If `echo $SHELL` instead is `tcsh` or similar, then the environment
variables can be set like `setenv NETCDF_HOME /` and similarly.
6. Run cmake with the main PartMC directory as an argument (note the
double-c):
ccmake ..
7. Inside ccmake press `c` to configure, edit the values as needed,
press `c` again, then `g` to generate.
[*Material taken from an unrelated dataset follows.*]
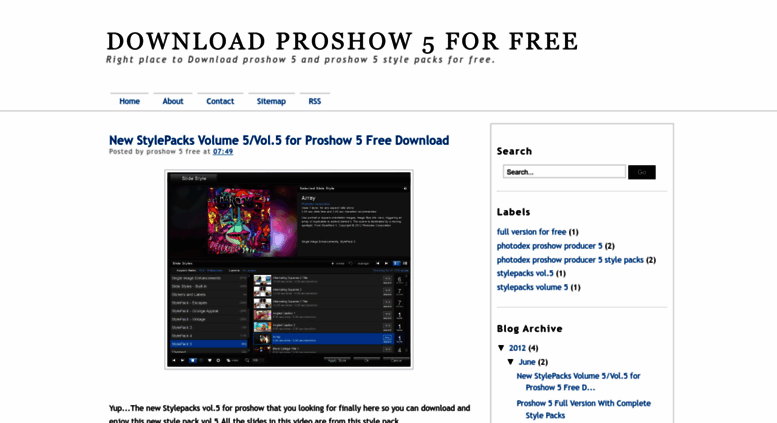 proshow style packs proshow style packs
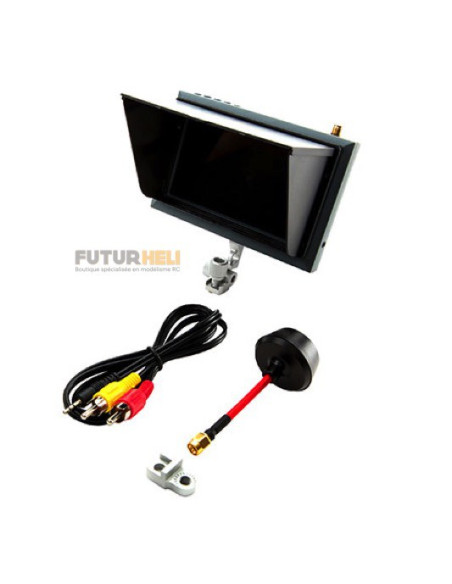 Ecran FPV spektrum 4,3'' +protection + Support SPMVM430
Optional libraries can be
activated by setting the `ENABLE` variable to `ON`. For a parallel
build, toggle advanced mode with `t` and set the
`CMAKE_Fortran_COMPILER` to `mpif90`, then reconfigure.
8. Optionally, enable compiler warnings by pressing `t` inside ccmake
to enable advanced options and then setting `CMAKE_Fortran_FLAGS`
to:
-O2 -g -fimplicit-none -W -Wall -Wconversion -Wunderflow -Wimplicit-interface -Wno-compare-reals -Wno-unused -Wno-unused-parameter -Wno-unused-dummy-argument -fbounds-check
8. Compile PartMC and test it as follows.
make
make test
9. To run just a single test do something like:
ctest -R bidisperse # argument is a regexp for test names
10. To see what make is doing run it like:
VERBOSE=1 make
11. To run tests with visible output or to make some plots from the
tests run them as follows. Note that tests often rely on earlier
tests in the same directory, so always run `test_1`, then
`test_2`, etc. Tests occasionally fail due to random sampling, so
re-run the entire sequence after failures. For example:
cd test_run/emission
./test_emission_1.sh
./test_emission_2.sh
./test_emission_3.sh # similarly for other tests
gnuplot -persist plot_species.gnuplot # etc...
12. To run full scenarios, do, for example:
cd ../scenarios/1_urban_plume
./1_run.sh
Usage
=====
The main `partmc` command reads `.spec` files and does the run
specified therein. Either particle-resolved runs, sectional-code runs,
or exact solutions can be generated. A run produces one NetCDF file
per output timestep, containing per-particle data (from
particle-resolved runs) or binned data (from sectional or exact
runs). The `extract_*` programs can read these per-timestep NetCDF
files and output ASCII data (the `extract_sectional_*` programs are
used for sectional and exact model output).
Python bindings
===============
The [PyPartMC](https://github.com/open-atmos/PyPartMC) project offers
pip-installable Python bindings to PartMC. Both source and binary
packages are available and ship with all PartMC dependencies included.
PyPartMC exposes internal components of PartMC (utility routines and
derived types) which then can serve as building blocks to develop PartMC
simulations in Python. Time stepping can be performed either using the
internal PartMC time-stepper or externally within a Python loop. The
latter allows to couple the simulation with external Python components
in each timestep. PyPartMC features examples developed as Jupyter notebooks.
Snippets of code provided in the README file depict how to use PyPartMC
from Julia (using PyCall.jl) and Matlab (using Matlab's built-in Python bridge).